◆ **Task requirements**: Print each record below precisely, with every picture left out of the copy.

(Stored items)

■ ■ ■ ■

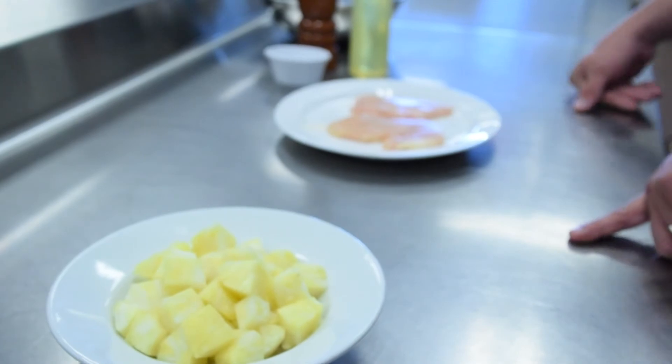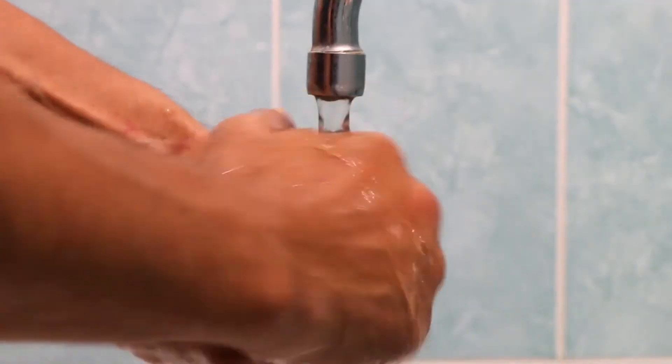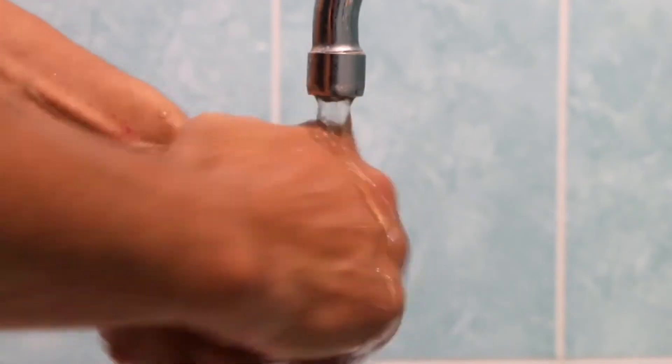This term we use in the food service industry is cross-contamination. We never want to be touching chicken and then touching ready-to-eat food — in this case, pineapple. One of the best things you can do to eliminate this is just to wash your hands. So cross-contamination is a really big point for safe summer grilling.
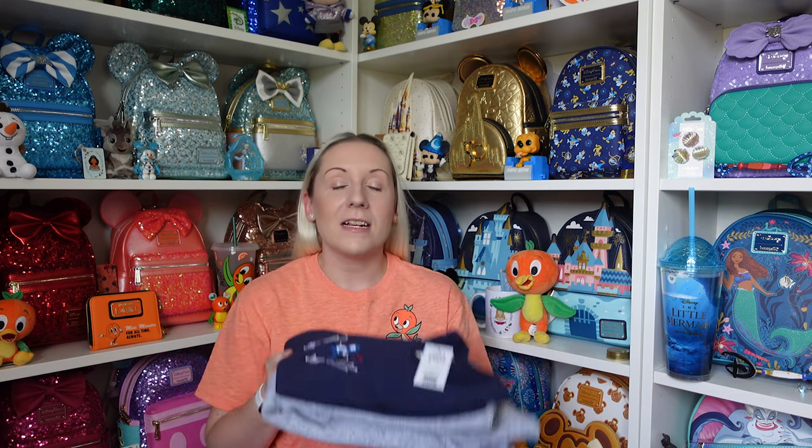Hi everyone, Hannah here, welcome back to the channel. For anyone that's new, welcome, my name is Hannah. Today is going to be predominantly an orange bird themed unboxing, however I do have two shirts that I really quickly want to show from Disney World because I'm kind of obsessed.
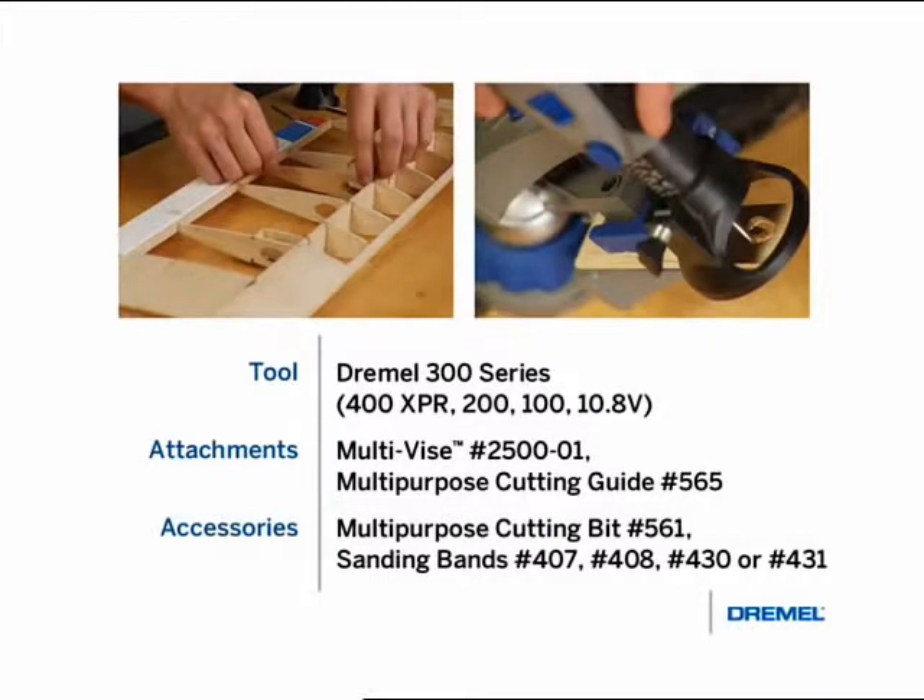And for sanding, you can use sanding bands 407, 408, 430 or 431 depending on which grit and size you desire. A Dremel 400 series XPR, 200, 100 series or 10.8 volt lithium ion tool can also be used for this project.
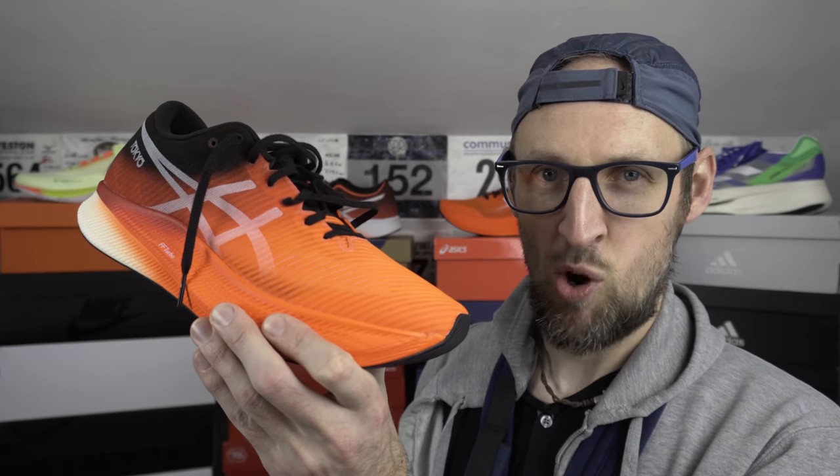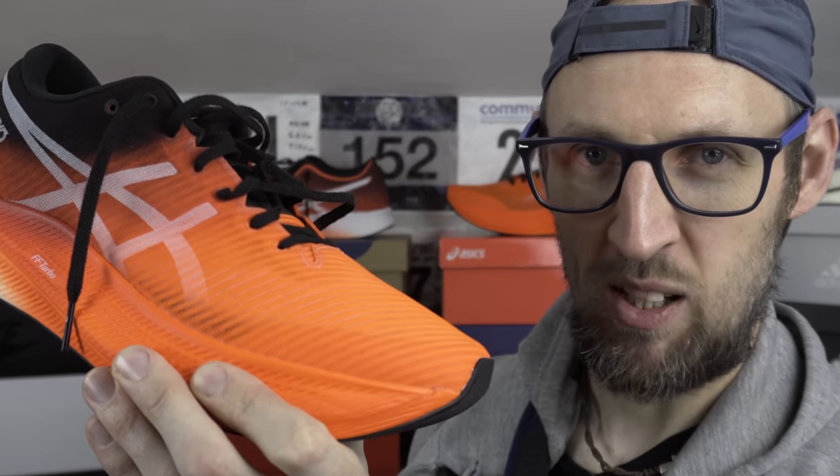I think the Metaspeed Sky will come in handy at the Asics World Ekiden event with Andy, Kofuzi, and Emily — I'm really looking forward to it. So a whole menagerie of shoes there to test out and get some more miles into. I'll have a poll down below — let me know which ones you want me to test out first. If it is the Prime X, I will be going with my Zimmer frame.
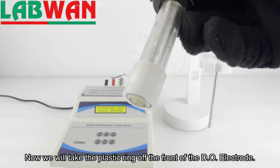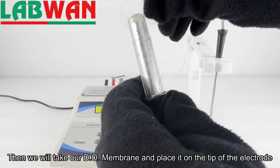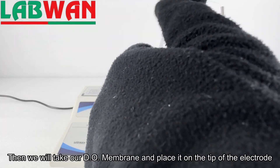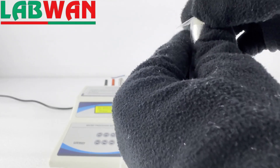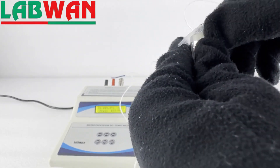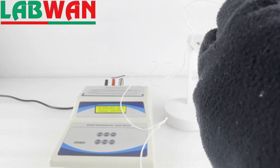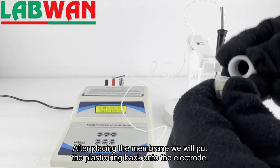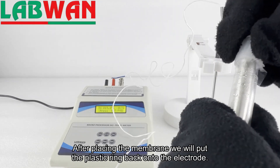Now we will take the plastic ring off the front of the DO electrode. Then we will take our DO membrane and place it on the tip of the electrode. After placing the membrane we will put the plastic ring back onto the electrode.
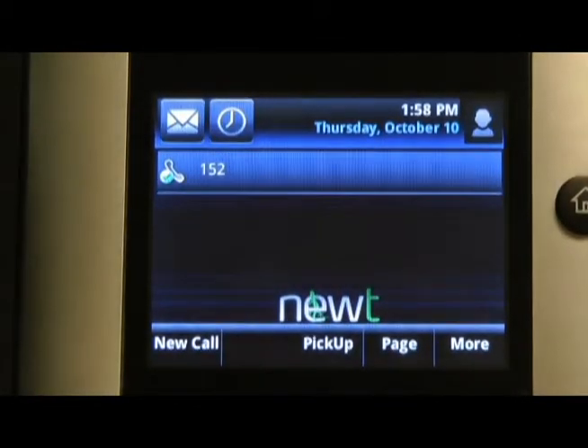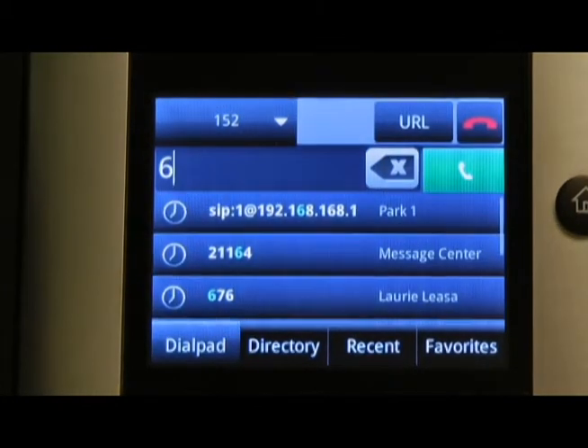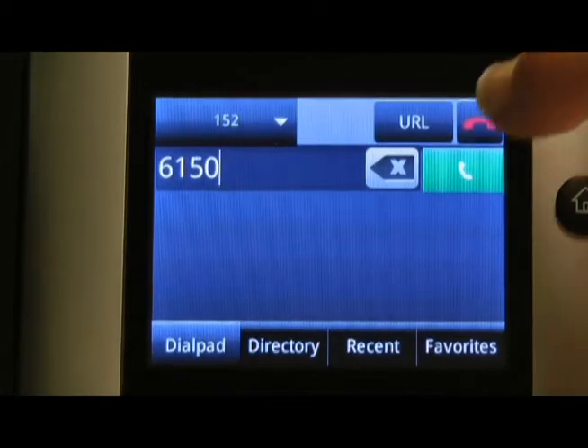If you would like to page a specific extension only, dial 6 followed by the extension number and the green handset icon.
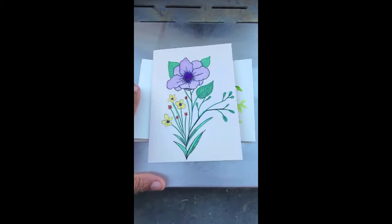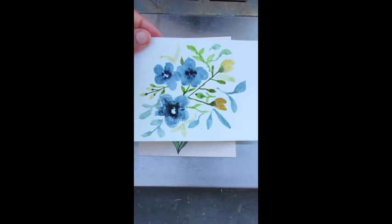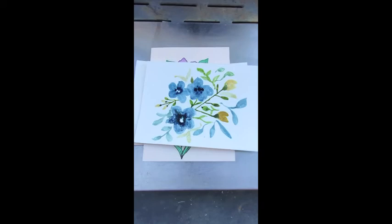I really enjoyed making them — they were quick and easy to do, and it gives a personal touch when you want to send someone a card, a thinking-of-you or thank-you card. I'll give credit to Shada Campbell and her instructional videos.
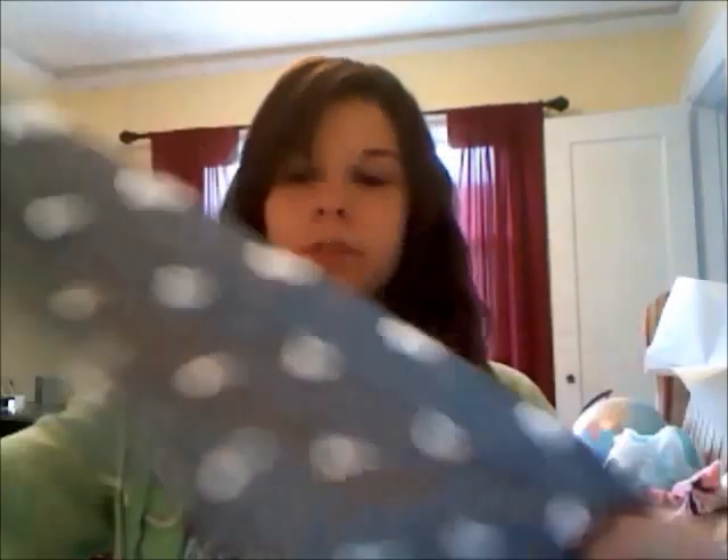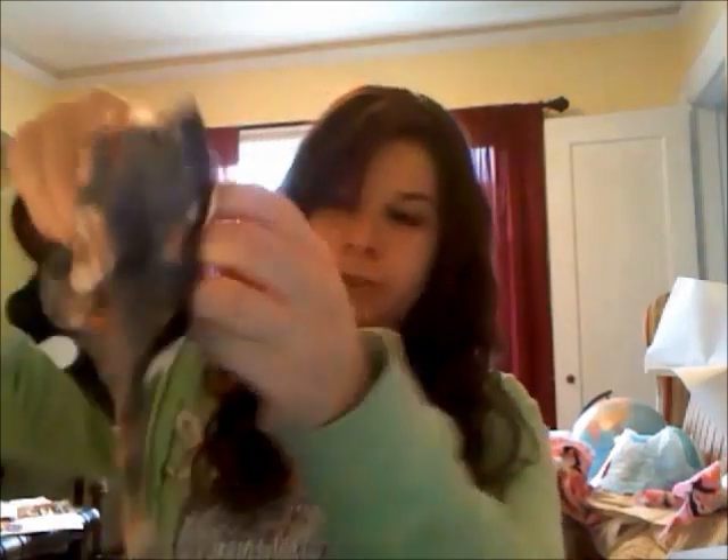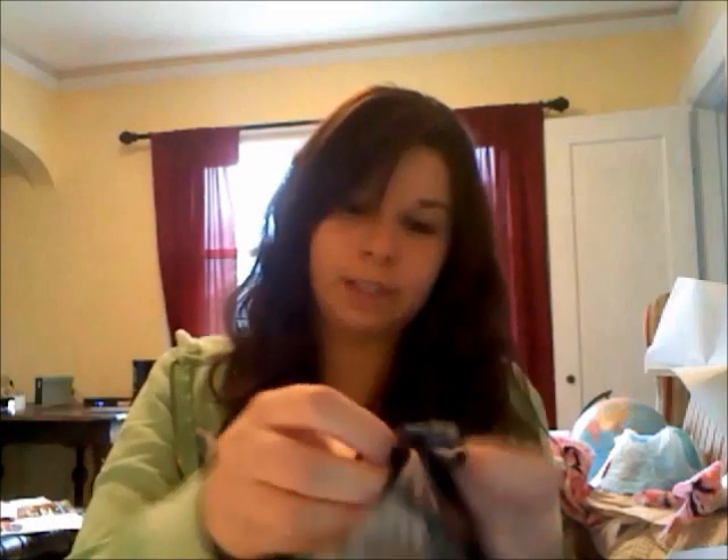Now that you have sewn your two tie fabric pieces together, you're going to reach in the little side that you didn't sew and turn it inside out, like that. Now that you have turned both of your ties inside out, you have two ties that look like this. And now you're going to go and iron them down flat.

■ ■ ■ ■

◆ **Problem solution**:
This term we use in the food service industry is cross-contamination. We never want to be touching chicken and then touching ready-to-eat food — in this case, pineapple. One of the best things you can do to eliminate this is just to wash your hands. So cross-contamination is a really big point for safe summer grilling.
Hi everyone, Hannah here, welcome back to the channel. For anyone that's new, welcome, my name is Hannah. Today is going to be predominantly an orange bird themed unboxing, however I do have two shirts that I really quickly want to show from Disney World because I'm kind of obsessed.
And for sanding, you can use sanding bands 407, 408, 430 or 431 depending on which grit and size you desire. A Dremel 400 series XPR, 200, 100 series or 10.8 volt lithium ion tool can also be used for this project.
I think the Metaspeed Sky will come in handy at the Asics World Ekiden event with Andy, Kofuzi, and Emily — I'm really looking forward to it. So a whole menagerie of shoes there to test out and get some more miles into. I'll have a poll down below — let me know which ones you want me to test out first. If it is the Prime X, I will be going with my Zimmer frame.
Now we will take the plastic ring off the front of the DO electrode. Then we will take our DO membrane and place it on the tip of the electrode. After placing the membrane we will put the plastic ring back onto the electrode.
If you would like to page a specific extension only, dial 6 followed by the extension number and the green handset icon.
I really enjoyed making them — they were quick and easy to do, and it gives a personal touch when you want to send someone a card, a thinking-of-you or thank-you card. I'll give credit to Shada Campbell and her instructional videos.
Now that you have sewn your two tie fabric pieces together, you're going to reach in the little side that you didn't sew and turn it inside out, like that. Now that you have turned both of your ties inside out, you have two ties that look like this. And now you're going to go and iron them down flat.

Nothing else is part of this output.